With Humvees roaming the streets and residents under "lockdown," the bustling college town of Boston felt like something of a war zone during the manhunt for Dzhokhar Tsarnaev, the alleged marathon bomber. Following the dramatic resolution of that effort with Tsarnaev's arrest Friday evening, media attention immediately turned to a more metaphorical battleground: the legal rights owed Tsarnaev now that he is in custody.
Following his arrest, many assumed that Tsarnaev would be read his rights under Miranda v. Arizona (or "Mirandized"), as we are accustomed to seeing on any half-decent police procedural when the officers inform a suspect that he has "the right to remain silent," the right to an attorney, and so forth. When it became clear that authorities would invoke the so-called public safety exception to Miranda, and not inform the 19-year-old of these rights, many commentators cried foul. And in the resulting fray, what Miranda actually requires has been obscured and misunderstood.
Anthony D. Romero, the executive director of the ACLU, told the New York Times "that it would be wholly inappropriate and unconstitutional to use [the public-safety exception] to create the case against the suspect." Meanwhile, Republican Senators John McCain, Lindsey Graham, and Kelly Ayotte released a statement approving the decision not to Mirandize Tsarnaev and calling for the Obama Administration to treat the suspected terrorist as an enemy combatant.

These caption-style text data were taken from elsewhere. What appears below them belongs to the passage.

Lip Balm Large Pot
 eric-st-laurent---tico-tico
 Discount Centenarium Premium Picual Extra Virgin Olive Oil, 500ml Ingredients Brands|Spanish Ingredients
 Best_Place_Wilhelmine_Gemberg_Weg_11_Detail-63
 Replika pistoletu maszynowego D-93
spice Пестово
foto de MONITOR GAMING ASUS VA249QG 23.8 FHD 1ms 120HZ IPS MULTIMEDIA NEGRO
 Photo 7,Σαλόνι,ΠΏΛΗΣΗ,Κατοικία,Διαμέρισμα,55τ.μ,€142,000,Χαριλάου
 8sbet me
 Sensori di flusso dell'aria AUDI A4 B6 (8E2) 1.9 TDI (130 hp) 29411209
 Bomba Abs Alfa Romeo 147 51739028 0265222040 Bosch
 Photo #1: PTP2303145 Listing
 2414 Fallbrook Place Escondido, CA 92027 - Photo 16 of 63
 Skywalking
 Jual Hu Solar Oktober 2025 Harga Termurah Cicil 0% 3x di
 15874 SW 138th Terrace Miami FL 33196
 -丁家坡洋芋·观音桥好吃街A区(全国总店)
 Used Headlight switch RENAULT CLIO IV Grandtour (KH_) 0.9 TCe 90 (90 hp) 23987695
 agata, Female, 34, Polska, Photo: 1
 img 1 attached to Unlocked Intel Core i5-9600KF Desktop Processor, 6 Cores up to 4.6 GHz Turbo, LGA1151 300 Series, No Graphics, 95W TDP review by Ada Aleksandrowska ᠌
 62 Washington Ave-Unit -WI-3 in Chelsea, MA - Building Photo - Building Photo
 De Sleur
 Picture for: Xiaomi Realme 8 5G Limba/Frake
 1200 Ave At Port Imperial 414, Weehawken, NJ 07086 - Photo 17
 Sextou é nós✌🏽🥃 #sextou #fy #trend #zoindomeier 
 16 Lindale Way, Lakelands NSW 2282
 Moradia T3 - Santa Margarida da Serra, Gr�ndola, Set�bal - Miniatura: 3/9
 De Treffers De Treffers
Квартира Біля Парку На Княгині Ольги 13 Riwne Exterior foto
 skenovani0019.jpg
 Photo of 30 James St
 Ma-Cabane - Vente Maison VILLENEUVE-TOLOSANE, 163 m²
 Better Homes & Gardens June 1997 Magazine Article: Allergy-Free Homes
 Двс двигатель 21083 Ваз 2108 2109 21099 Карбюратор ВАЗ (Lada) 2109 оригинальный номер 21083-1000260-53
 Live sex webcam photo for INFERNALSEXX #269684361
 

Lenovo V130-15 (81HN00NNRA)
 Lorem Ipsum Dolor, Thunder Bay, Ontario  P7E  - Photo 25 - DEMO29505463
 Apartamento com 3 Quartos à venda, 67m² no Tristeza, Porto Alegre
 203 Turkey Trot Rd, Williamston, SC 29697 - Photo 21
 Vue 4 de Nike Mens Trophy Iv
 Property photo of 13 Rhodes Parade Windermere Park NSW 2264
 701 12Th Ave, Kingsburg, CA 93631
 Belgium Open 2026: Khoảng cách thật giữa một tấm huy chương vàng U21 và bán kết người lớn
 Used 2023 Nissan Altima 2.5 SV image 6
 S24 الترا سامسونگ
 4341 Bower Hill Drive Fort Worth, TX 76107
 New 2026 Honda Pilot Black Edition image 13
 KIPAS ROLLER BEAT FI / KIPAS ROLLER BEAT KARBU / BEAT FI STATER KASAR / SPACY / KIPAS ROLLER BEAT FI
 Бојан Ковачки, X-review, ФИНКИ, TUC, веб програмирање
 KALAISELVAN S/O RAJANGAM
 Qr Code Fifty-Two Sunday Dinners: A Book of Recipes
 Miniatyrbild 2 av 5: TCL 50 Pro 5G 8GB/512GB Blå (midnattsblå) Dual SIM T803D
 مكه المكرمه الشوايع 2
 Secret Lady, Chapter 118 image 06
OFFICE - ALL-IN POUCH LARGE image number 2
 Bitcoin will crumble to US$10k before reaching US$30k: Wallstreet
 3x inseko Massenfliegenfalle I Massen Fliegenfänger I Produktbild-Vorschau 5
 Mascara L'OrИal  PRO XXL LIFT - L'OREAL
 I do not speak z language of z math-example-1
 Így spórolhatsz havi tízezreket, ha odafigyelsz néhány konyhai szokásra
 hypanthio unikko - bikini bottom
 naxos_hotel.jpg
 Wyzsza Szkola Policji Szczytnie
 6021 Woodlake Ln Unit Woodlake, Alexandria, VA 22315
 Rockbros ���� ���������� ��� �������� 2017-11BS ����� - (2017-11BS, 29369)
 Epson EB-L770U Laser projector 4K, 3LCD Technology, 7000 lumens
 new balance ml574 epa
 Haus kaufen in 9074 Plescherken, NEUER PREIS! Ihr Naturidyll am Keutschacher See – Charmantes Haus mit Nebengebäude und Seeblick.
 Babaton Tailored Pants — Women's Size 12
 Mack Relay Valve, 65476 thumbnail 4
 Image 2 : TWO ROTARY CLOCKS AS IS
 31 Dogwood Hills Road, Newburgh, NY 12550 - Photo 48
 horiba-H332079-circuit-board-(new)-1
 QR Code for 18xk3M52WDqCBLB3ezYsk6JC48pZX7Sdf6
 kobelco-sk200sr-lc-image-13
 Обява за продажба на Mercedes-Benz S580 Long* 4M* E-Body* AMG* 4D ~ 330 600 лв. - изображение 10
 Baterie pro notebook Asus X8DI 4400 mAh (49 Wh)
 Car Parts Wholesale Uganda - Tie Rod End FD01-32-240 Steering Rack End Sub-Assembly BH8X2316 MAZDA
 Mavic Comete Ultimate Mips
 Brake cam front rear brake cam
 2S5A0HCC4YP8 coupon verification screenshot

Graham had even taken to Twitter before Tsarnaev's arrest to push this position.
Here's what much of the media have missed: regardless of whether the public-safety exception applies, the government is not, under the fairest reading of current Supreme Court law, constitutionally obligated to Mirandize Tsarnaev -- or any suspect for that matter. In the furor over the exception and the Republican senators' dubious stance, the media have conflated the issue of (a) whether or not Tsarnaev has a constitutional right to be Mirandized with the issues of (b) whether or not the public-safety exception was properly invoked and (c) whether or not Tsarnaev may be treated as an enemy combatant. The issues are distinct.
Miranda establishes that statements made by a suspect in custody in response to interrogation are not admissible against the defendant in court unless the defendant has been properly Mirandized. Reading Miranda, one would be forgiven for thinking that law-enforcement agents are required to issue the familiar warnings regardless of whether they intend to use the statements in court. The Warren Court in Miranda stated that a suspect in custody "must be warned prior to any questioning that he has the right to remain silent" and so on (emphasis added).
But as with many of the constitutional rights recognized by the Warren Court in the field of criminal procedure, the Supreme Court has chipped away at the Miranda doctrine in subsequent cases. In recent years, pluralities for the Court have clarified that the privilege against self-incrimination (the Fifth Amendment right that Miranda protects) is not violated by mere questioning; rather the right is only violated when, unwarned -- to Mirandize is, in effect, to warn -- statements are admitted at trial.